No specifications, no resources, just a £30,000 bill

Just this week a school leader contacted me with another example of the unintended consequences of rushed, and botched, qualification reform. He wrote:

“I have just been working through the implications of the new maths A-level for this school, due for teaching from September 2017. It is relevant that maths is our biggest A-level subject with seven ‘sets’ in Year 12 and seven in Year 13. In April 2016, the DfE published the final summary of the new content. In summer 2016, draft specifications appeared from the examination boards. With less than a year to go, we do not have final specifications or resources to review (our sixth form open evening is in two weeks, the brochure has been published!).

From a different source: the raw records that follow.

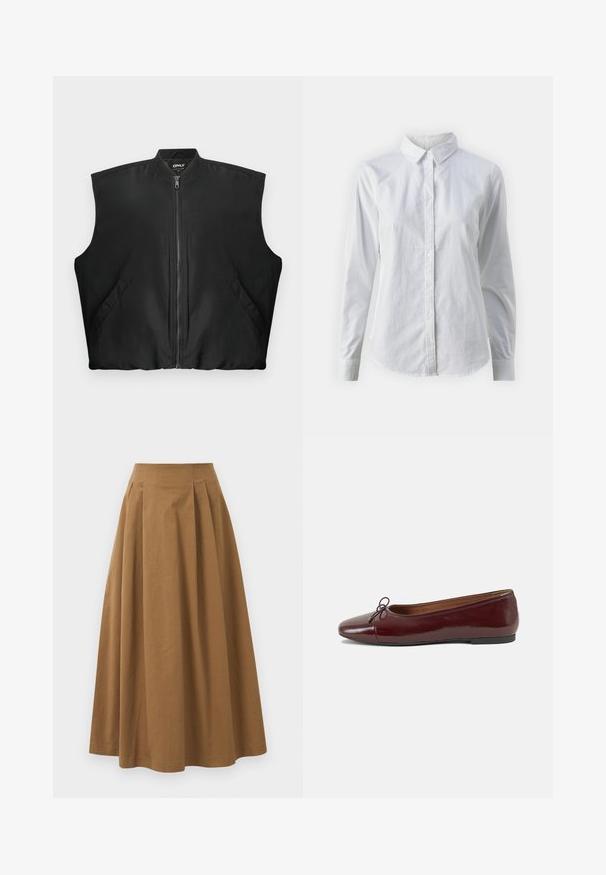 Schwarwest ärmellose Zip-Weste mit geripptem Kragen und zwei vorderen Taschen mit Druckknöpfen, flach auf einem weißen Hintergrund ausgelegt.; Weißes Hemd mit Knöpfen, aus glattem Baumwollstoff, mit klassischem Kragen, langen Ärmeln und abgerundetem Saum. Die Knöpfe sind klein und weiß.; Brauner Baumwoll-A-Linien-Rock mit hoher Taille, der vorne Falten aufweist und eine glatte Textur hat. Der Saum ist sauber und einfach verarbeitet.; Burgunderfarbenes, lackiertes Ballettschuh mit abgerundetem Zehenbereich, kleiner Schleifenakzent vorne und einer niedrigen, schwarzen Gummisohle. Glatte Textur.
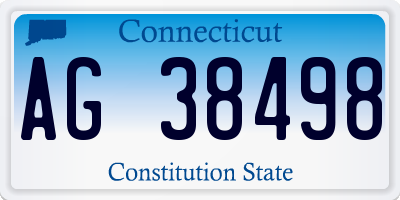 CT license plate AG38498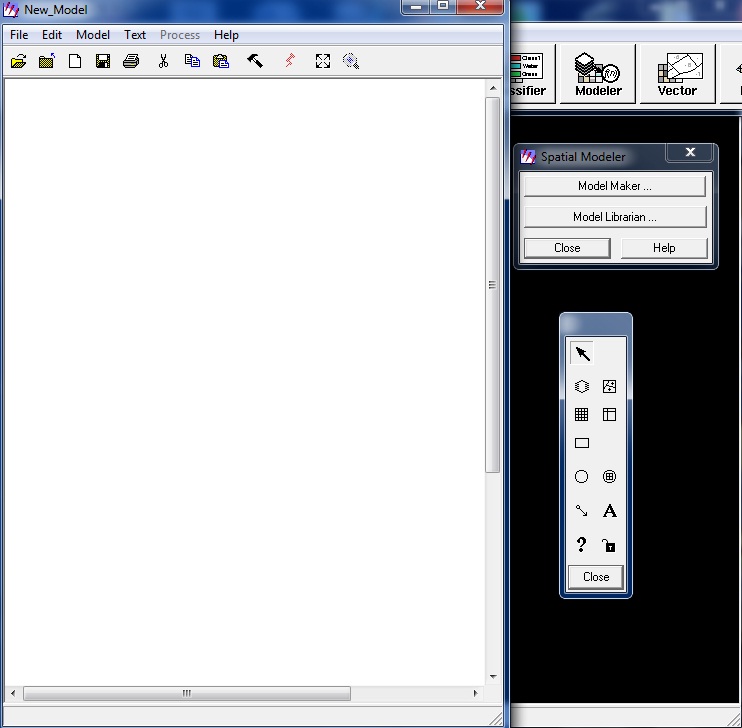 Az Erdas Modeler Model Maker nyitfellete s az eszkzpaletta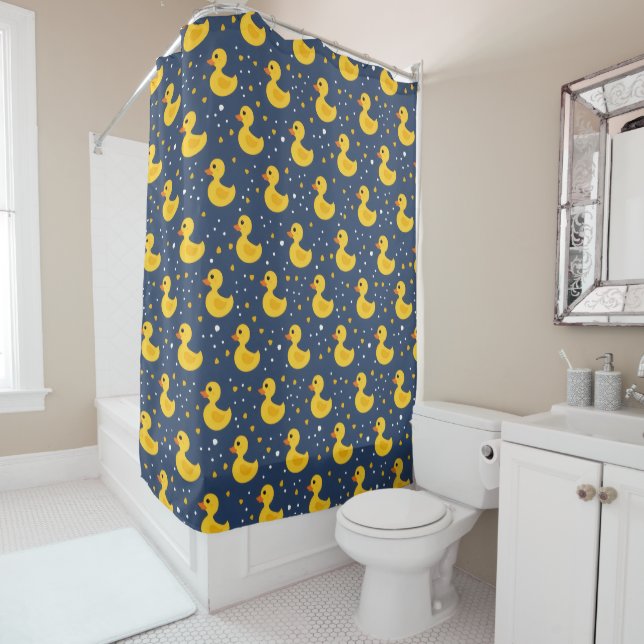 Cute Yellow Ducklings Shower Curtain (In Situ)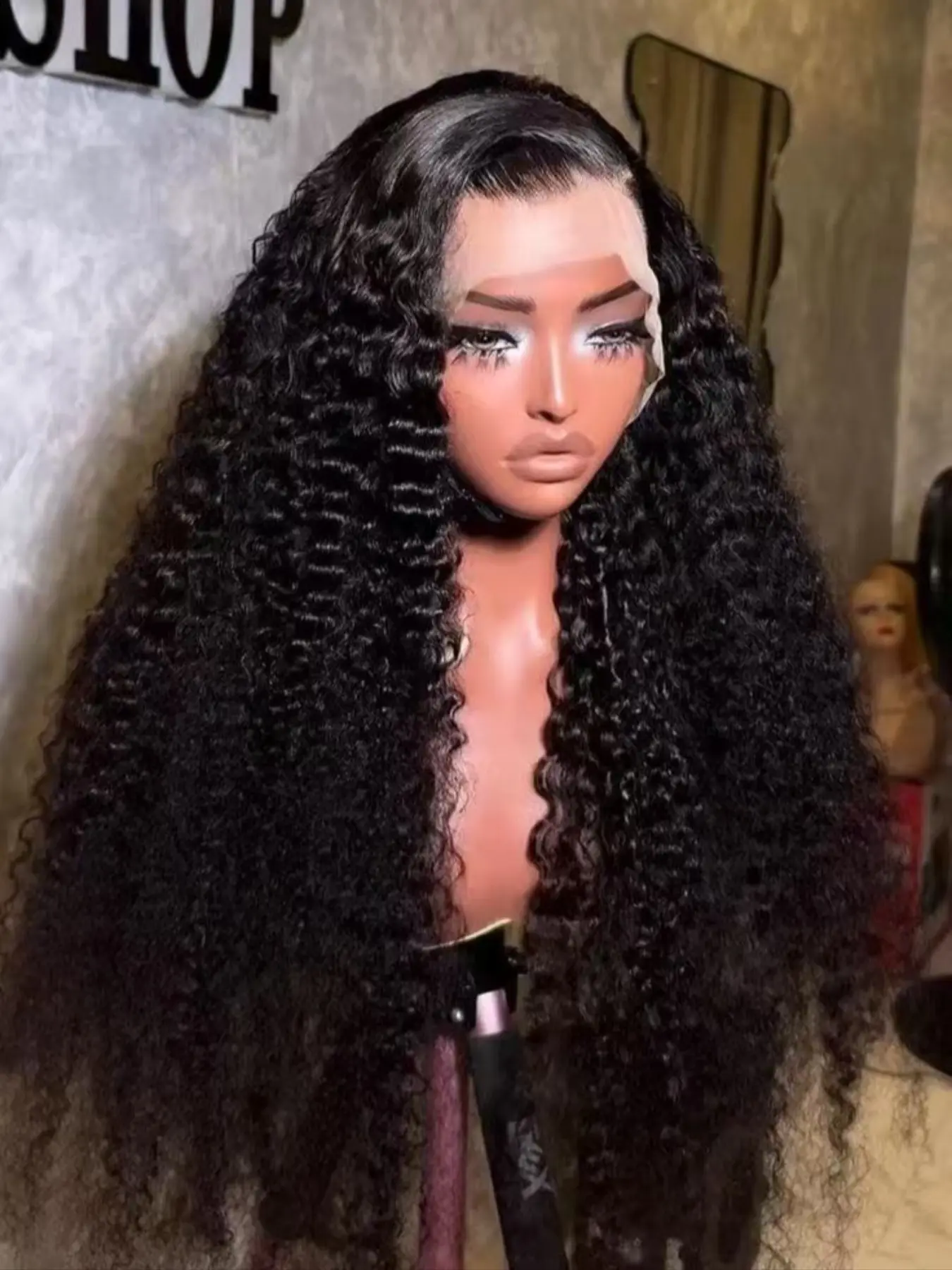 180 density natural black curly hair T-shaped small roll 26 inch long female curly hair 13x4x1 baby hair pre combed free parting glue free curly hair female wig black curly hair wig heat-resistant wig, Synthetic lace wigs
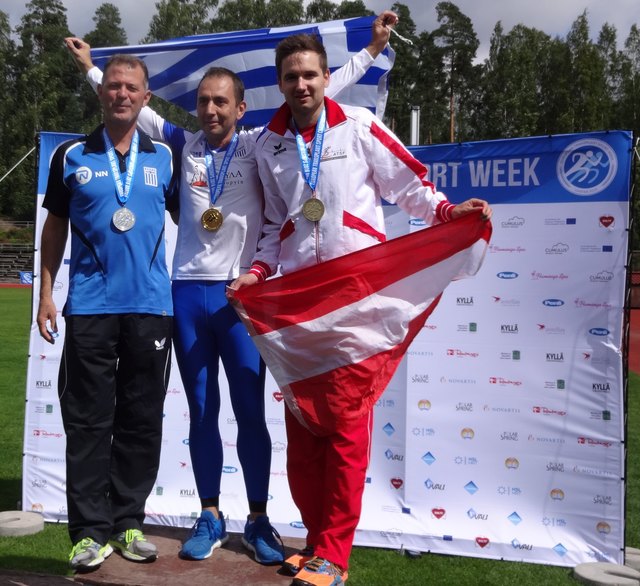 Siegerehrung Hochsprung mit Sigi Meschnig (Bronze)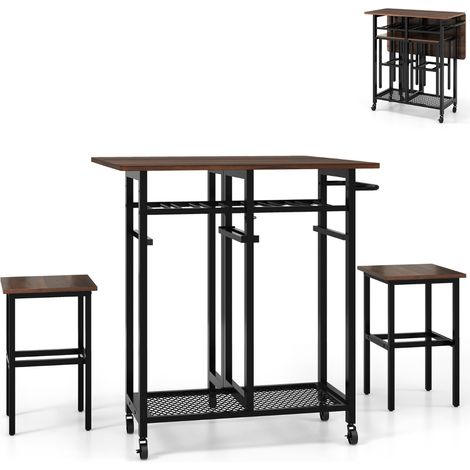 Set tavolo da pranzo 3 pezzi con ruote e portabottiglie da 6 posti, Tavolo da cucina estendibile con 2 sgabelli Marrone (1/4)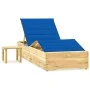 Garden lounger with impregnated pine wood table and cushion by vidaXL, Loungers - Ref: Foro24-3065964, Price: 183,34 €, Disco...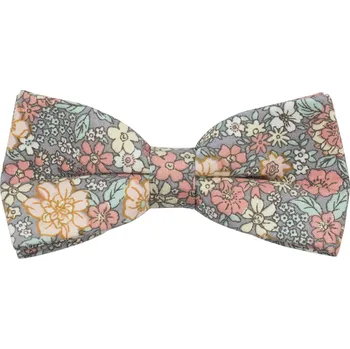 Motýlek Šedo modro béžový dětský bavlněný motýlek s barevnými květy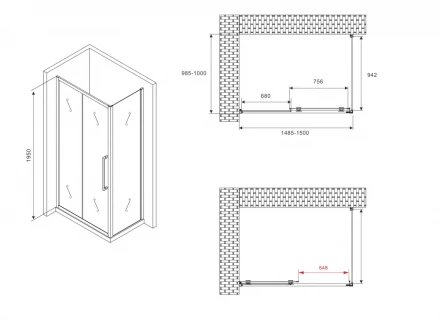 ABBER Schwarzer Diamant AG30150MH-S100M душевой уголок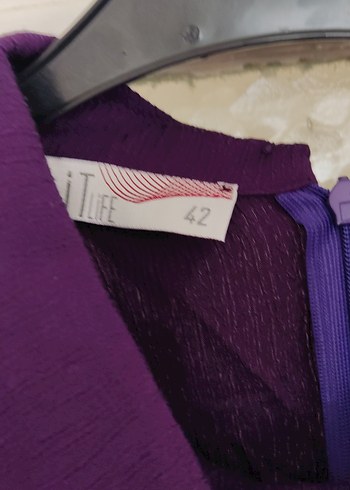 Kadın Mor Uzun Kollu Rahat Tunik - Görsel 3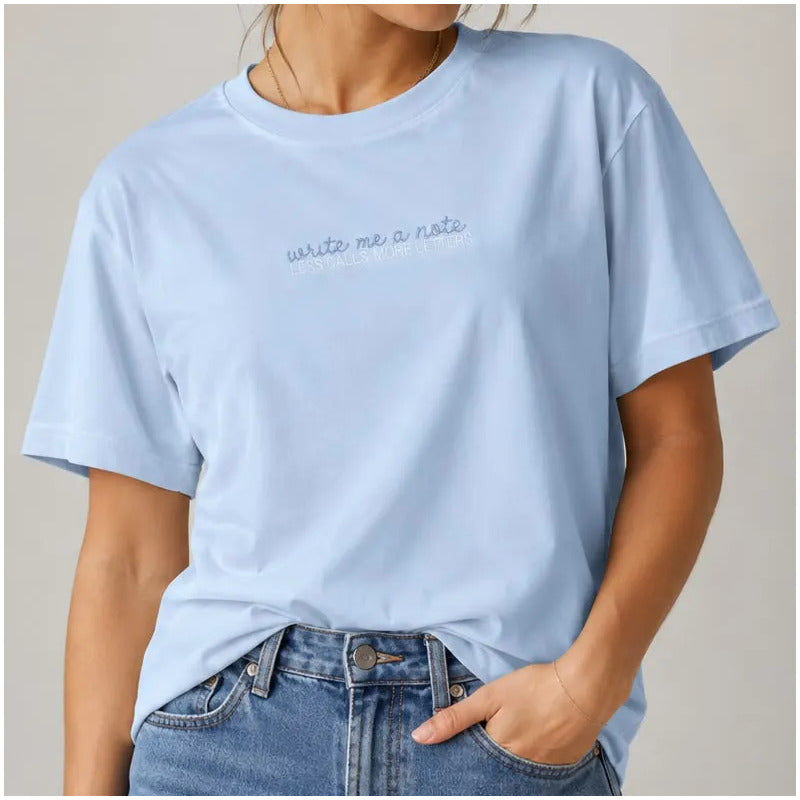 Playera Azul Doble Estampa Mujer 90616 Write Me A Note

“The new specification requires content to move from A2 to AS and vice-versa, content to be deleted, and content to be added. Our mapping of the content shows we would need to use five different textbooks (or homemade resources) to cover the topics - unless new textbooks are available to purchase.

“Since Year 13 students will be examined at A2 on all the material, we will need to let them keep Year 12 textbooks - this doubles the textbook demand.  140 students (seven classes) in Year 12, 130 in Year 13 = 270 students at £40 per student for books (under-estimated) = £10,800 = four times our annual maths budget.

“The new course appears to require access to computer suites for the statistics components (or laptops in maths rooms). We have four computer suites; they are fully timetabled for ICT, the new GCSE and A-level computing. Fourteen A-level maths classes will need periodic computing access - probably two class sets of Wi-Fi laptops costing £20,000.

No additional resources have been provided to implement this change (or any other of the recent examination changes).”

In summary: less than a year to go, no final specifications, no published resources, an anticipated bill of £30,000.

He added: “My maths colleagues are an exceptional team: on outcome measures the best department in the school. They work incredibly hard. They were hard to find! It is highly likely that they will start next year having had minimal time to prepare, inadequate resources and uncertainty regarding the IT equipment.

“Quite simply, as professionals, they deserve better … and it would be so easy to actually do these new curriculum implementations properly, but it seems no-one at the DfE (or Ofqual) cares ‘one jot’ for the most valuable component in the delivery of these course: our teachers.”

To which I would add only that maths teachers are hard to recruit, hard to retain, and have skills and knowledge that they could put to good use in many other professions, all of which would pay considerably more than they currently earn.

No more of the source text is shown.